# Two Dedicated IP addresses, how to route



## esogs (Aug 9, 2009)

Hello, my ISP has given me a slash 4 (2 dedicated IP addresses that are internet routable) .  I used to have 1 IP address that ran as a "router"/firewall/webserver.  I'd like to add a second webserver/mail server into the mix, but can't figure out how to route this using freebsd (I'm sure I could buy a switch, ask for a slash 8, and get enough IP addresses to work, but wondering if I can do this instead with just two IP addresses and freebsd).

Today I have:


```
204.228.x.22
ISP --> FreeBSD Router via PPPoE (Tun0) --> 172.16. NAT
```
I'd like to do:

```
204.228.x.22
ISP --> FreeBSD Router via PPPoE --> 172.16. NAT 
              |
              |
            Webserver  (204.228.x.23
```

The FreeBSD router has 3 Nic cards in it, one for the external gateway, one for the internal NAT, and the third for "routing" to the new Webserver.

What I'd "like" to do is just be able to plug an ethernet cable into the 3rd NIC on the router, and connect to the NIC on the webserver, but I'm having problem figuring out the routing.

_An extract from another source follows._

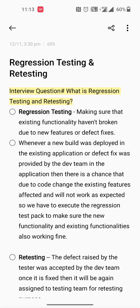So we have to execute the regression test pack to make sure that new functionality and existing features are also working fine. Every application will have a predefined regression test pack based on critical functionalities as well as previous defect fixes. Whenever we get a new feature or any bug fixes, we execute that regression test pack.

If I alias the new IP address 204.228.x.23 to the gateways NIC, I can ping it externally.  If I add the 204.228.x.23 to the third nic (also on the gateway server) I can ping it externally too.  I just don't know how to make the next jump of moving that IP address off the gateway server onto a webserver, and what do I assign that third nic on the gateway machine?  I want it to act as a "switch" and just pass the connection through w/out tying it to an IP address.  Do I bridge the gateway NIC to the third NIC, or do I have to do something different like maybe assign the third nic the external IP address, give the webserver a new 172.16. network and do and IPF redirect out to the webserver?  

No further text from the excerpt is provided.